La volonté des députés communistes et républicains est claire : aller vers la transparence la plus complète sur tous les aspects de la loi. En ce qui concerne la coexistence des cultures, notre conviction est que le texte doit donner plus de garanties. Je pense particulièrement aux agriculteurs bio très attachés à leur cahier des charges et à l’absence de toute trace d’OGM dans leur production, mais aussi aux apiculteurs, extrêmement inquiets quant à la contamination du pollen. Or, nous avons constaté, en commission, une totale fermeture du rapporteur et le rejet systématique de nos amendements. Au contraire, un jeu bien construit au sein de la majorité ouvre la porte à des amendements qui atténuent les contraintes techniques de production à respecter pour les plantes OGM. Les députés de la majorité vont-ils mettre les dernières touches au travail de siphonnage des sénateurs UMP en première lecture pour vider cette loi de ses aspects positifs et l’éloigner encore davantage des conclusions du Grenelle de l’environnement ? Quant à la traçabilité et l’étiquetage des produits, nous sommes là aussi favorables à la transparence la plus complète. Certes, la réglementation européenne a placé artificiellement, et sans doute provisoirement, la barre à 0,9 % de présence fortuite d’OGM dans un produit pour qu’il soit étiqueté comme contenant des OGM. Mais nous pensons que le consommateur devrait savoir réellement ce qu’il mange avec une information plus confor- me à la réalité. Cette question est l’enjeu central des débats. Elle conditionne la possibilité ou non de la coexistence des cultures OGM et conventionnelles : est-elle possible si la classification est fixée au niveau de détection scientifique, aujourd’hui bien en deçà de 0,1 % ? C’est toute la difficulté et les contradictions d’un texte qui s’appuie sur le fait qu’un produit peut être non OGM sans être à zéro OGM !
Et sur les cultures OGM en plein champ ?
Elle fait l’objet d’appréciations différentes au regard de l’interprétation que l’on a du principe de précaution. Sur les cultures commerciales, nous disons nettement qu’elles sont à proscrire en l’état actuel des connaissances. Nous pensons qu’elles produiront plus d’effets négatifs sur les autres techniques culturales et la biodiversité sans apporter de bénéfices économiques pour les agriculteurs. Nous mènerons bataille sur les articles de la loi pour les interdire, puis, si nous ne sommes pas entendus, pour limiter les conséquences négatives de leur développement.

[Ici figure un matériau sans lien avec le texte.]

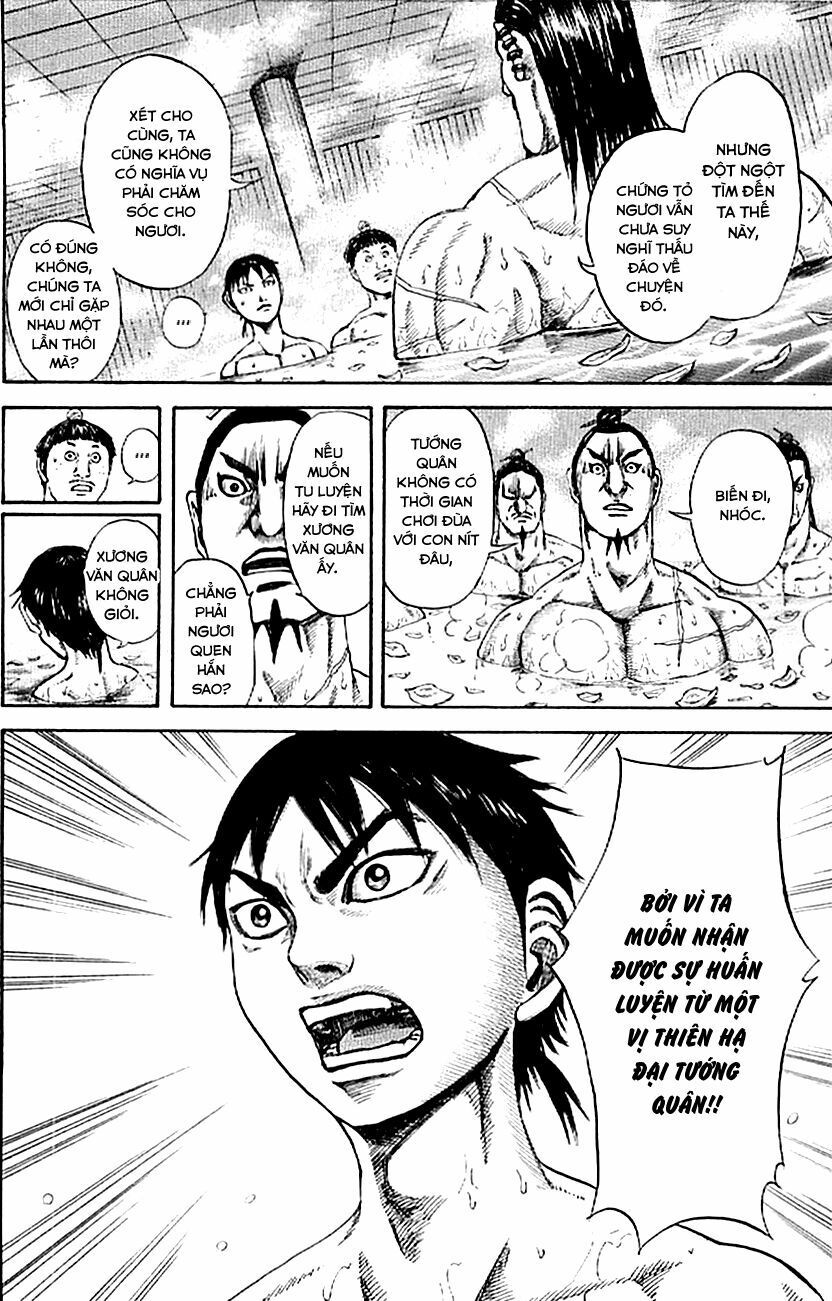 kingdom - vương giả thiên hạ chapter 105 14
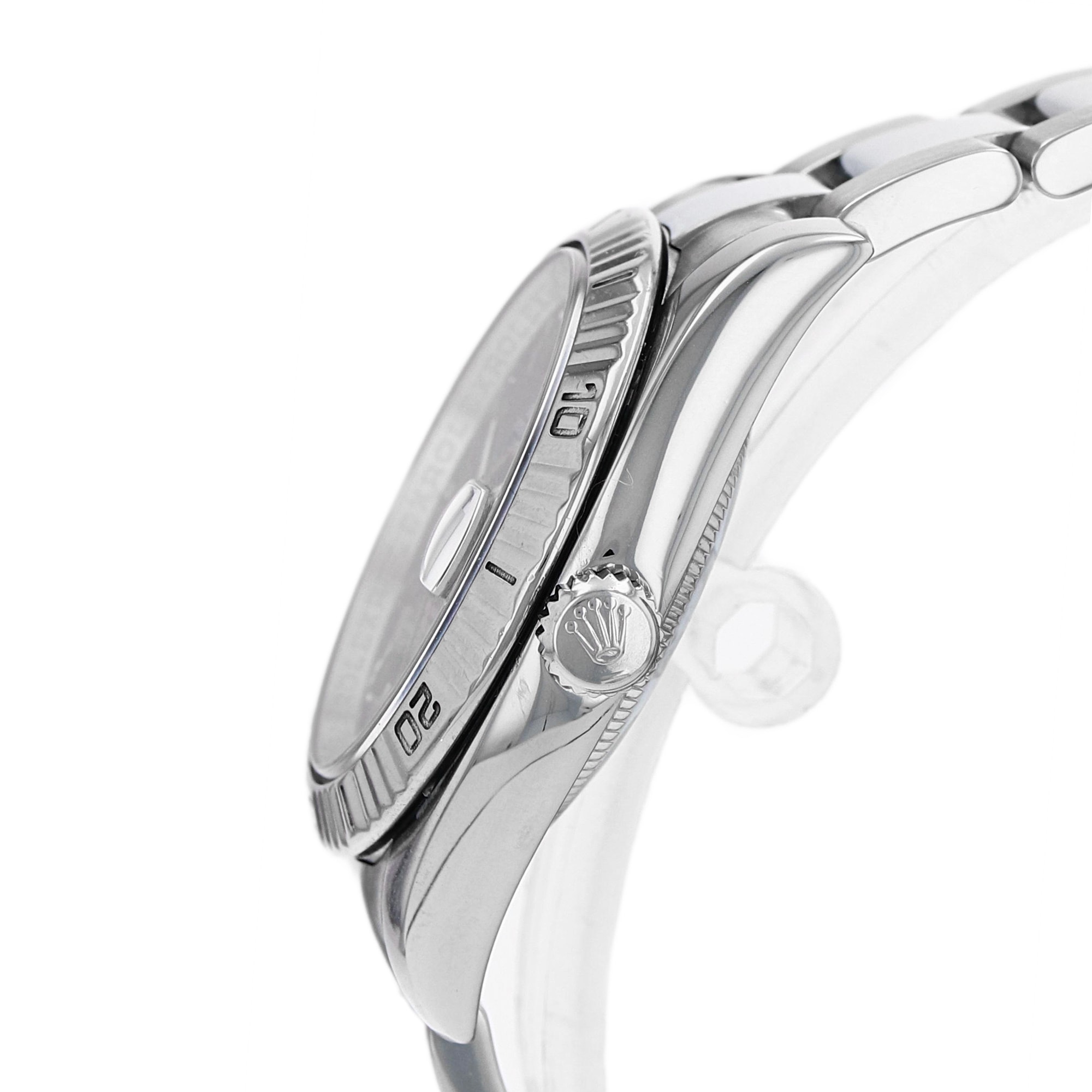 Rolex Datejust Turn-O-Graph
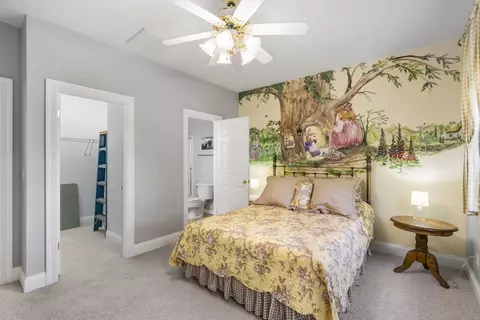 Bedroom - 229 Grand Pointe, Branson, MO 65616 photo 5 of 9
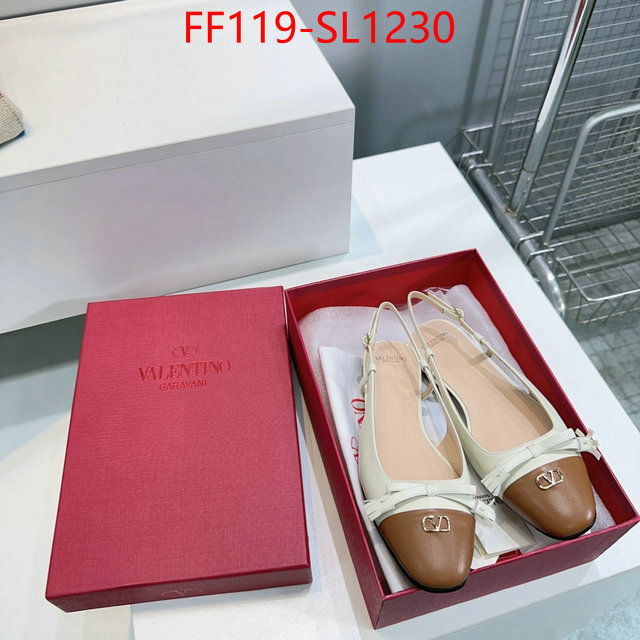 Women Shoes-Valentino buy aaaaa cheap ID: SL1230 $: 119USD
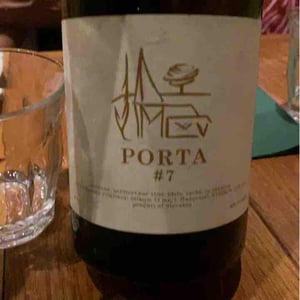 Porta #7 - Strekov 1075 - zsolt-suto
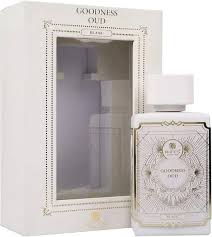 RIIFFS Goodness Oud White EDP 100 ml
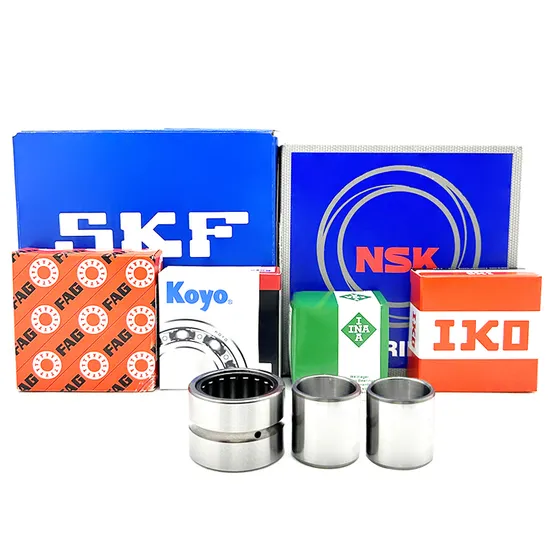 Needle Roller Bearing NK29/20 SKF 29x38x20mm P0-P2 Precision for Industrial Machinery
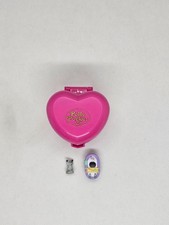 Polly Pocket, Bathtime Fun, Bluebird, 1991, Incomplet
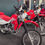 Thumbnail: 2019 Honda XR650L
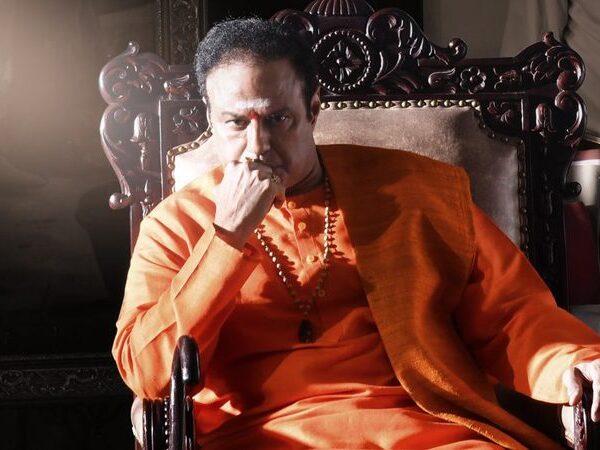 NTR Biopic in trouble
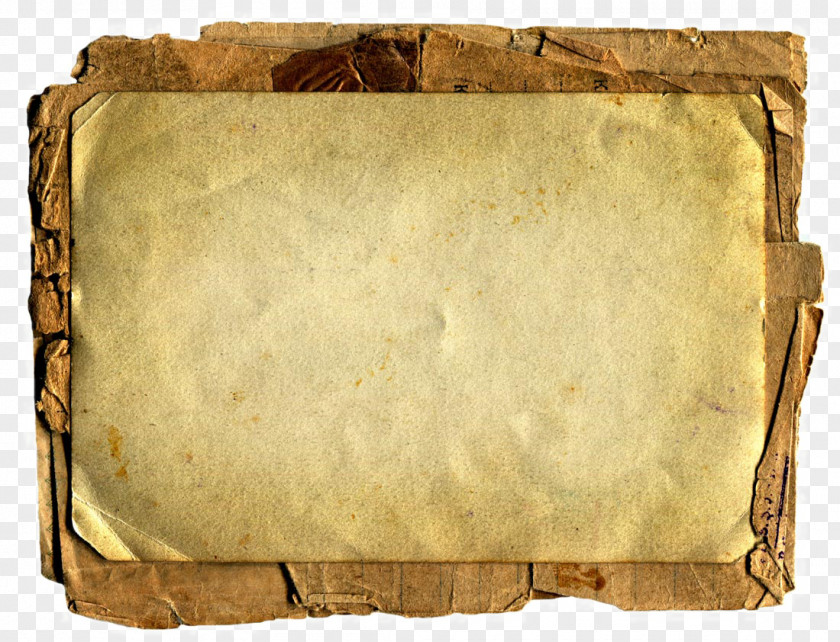 Kraft Paper Stock Photography Parchment Shutterstock PNG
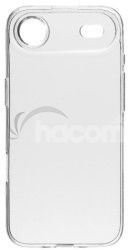 Tactical TPU Kryt pre Apple iPhone 17 Air Transparent 8596311284601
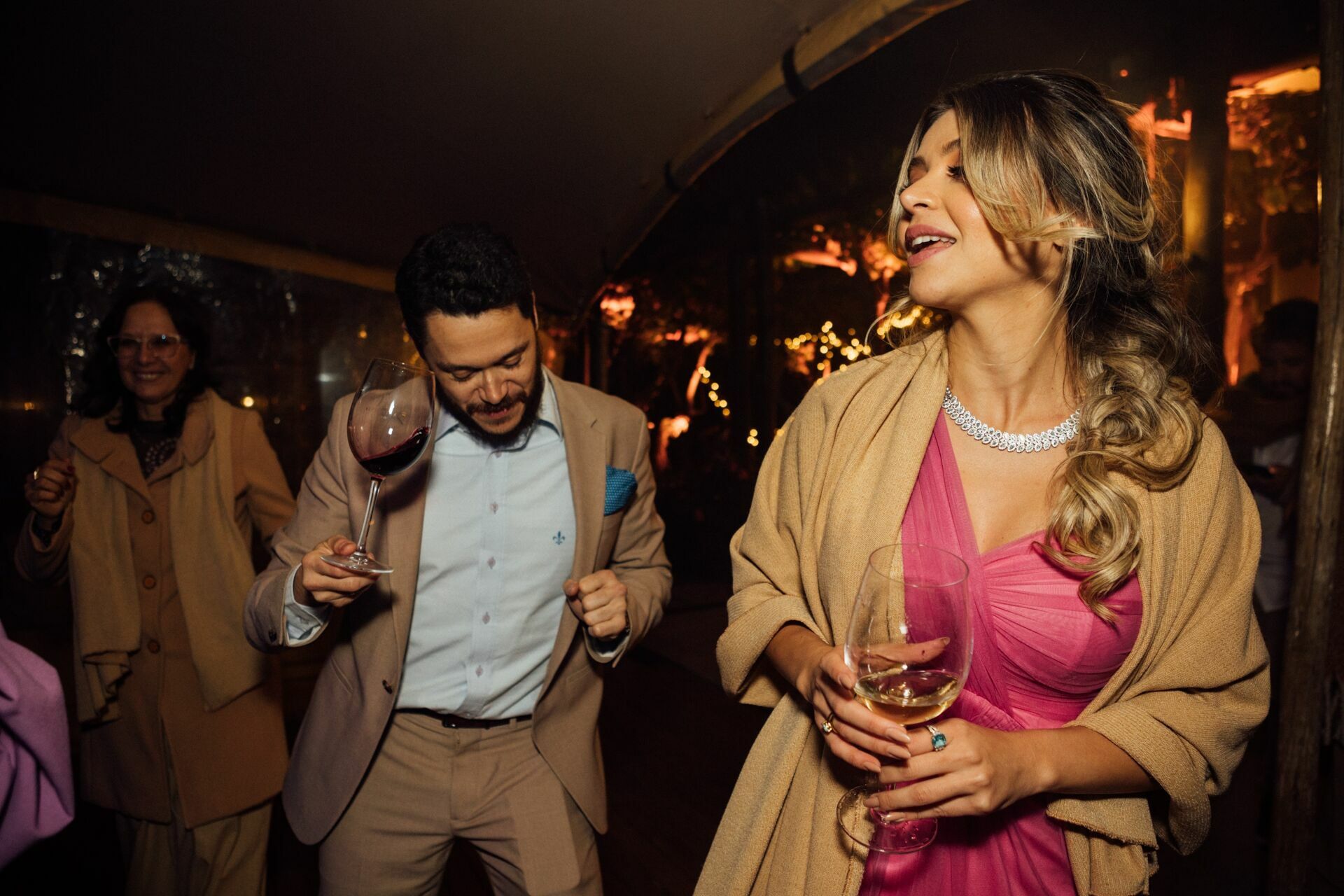Foto Casamento Mariana e Rafael - Bodega Agostino - Mendoza Argentina - Imagem 482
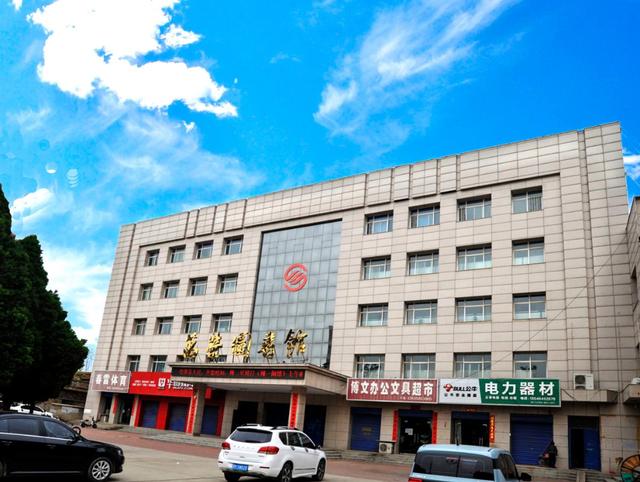 让书香沁润心灵！运城文旅为您送上世界读书日礼包！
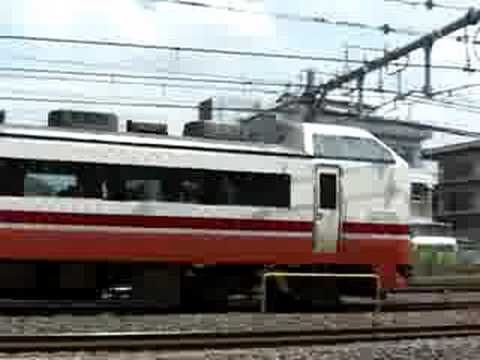 485系　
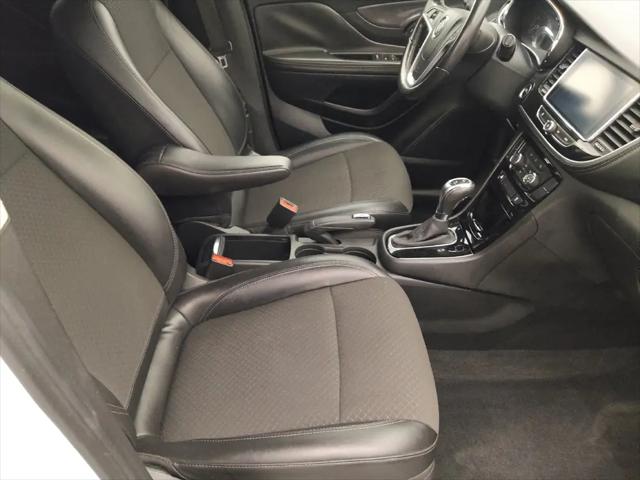 2019 Buick Encore FWD Preferred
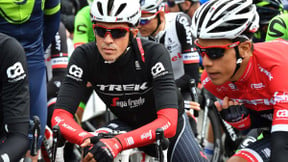 Cyclisme : Deuxième au Paris-Nice ? Alberto Contador est heureux !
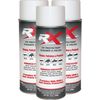 Hardline Products Rx UV Protectant Cleaner & Polish - 3 Pack - RX-3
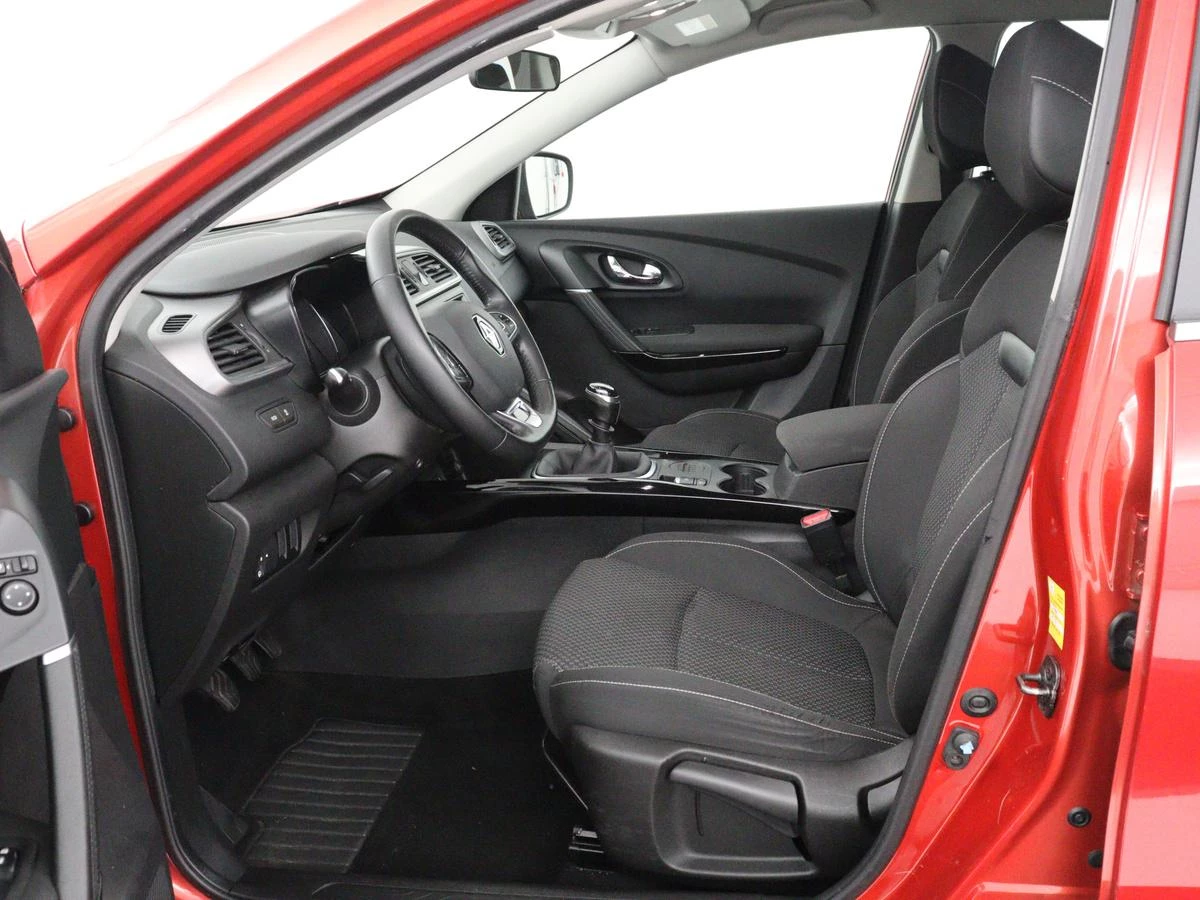 Hoofdafbeelding Renault Kadjar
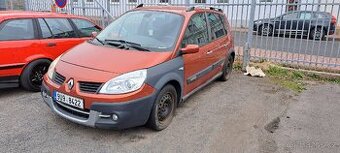 Renault scenic - 1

Qu’en est-il de la recherche ?
Les processus de recherche publique ne doivent pas être bloqués a priori en interdisant systématiquement de procéder à des essais en plein champ. Mais ce type de recherche en conditions réelles doit être très exceptionnel et dûment justifié quant à sa nécessité qui doit se limiter à évaluer objectivement la réalité du risque sur l’environnement, en matière de contamination de parcelles avoisinantes et de réaction du milieu naturel. Et il est indispensable que tout passage au champ soit soumis au contrôle citoyen et accompagné d’un protocole extrêmement strict pour contenir les éventuels flux de gènes et neutraliser toute conséquence négative sur l’environnement. Les institutions de recherche publique indépendantes des financements privés sont les seules à avoir la légitimité pour conduire ces essais. L’enjeu est non seulement de maîtriser une recherche sans lien avec les compagnies semencières pour un progrès agronomique dégagé de la brevetabilité du vivant et au service de tous, mais aussi de développer notre potentiel d’expertise. Pour cela, il faut donner à la recherche publique les moyens nécessaires.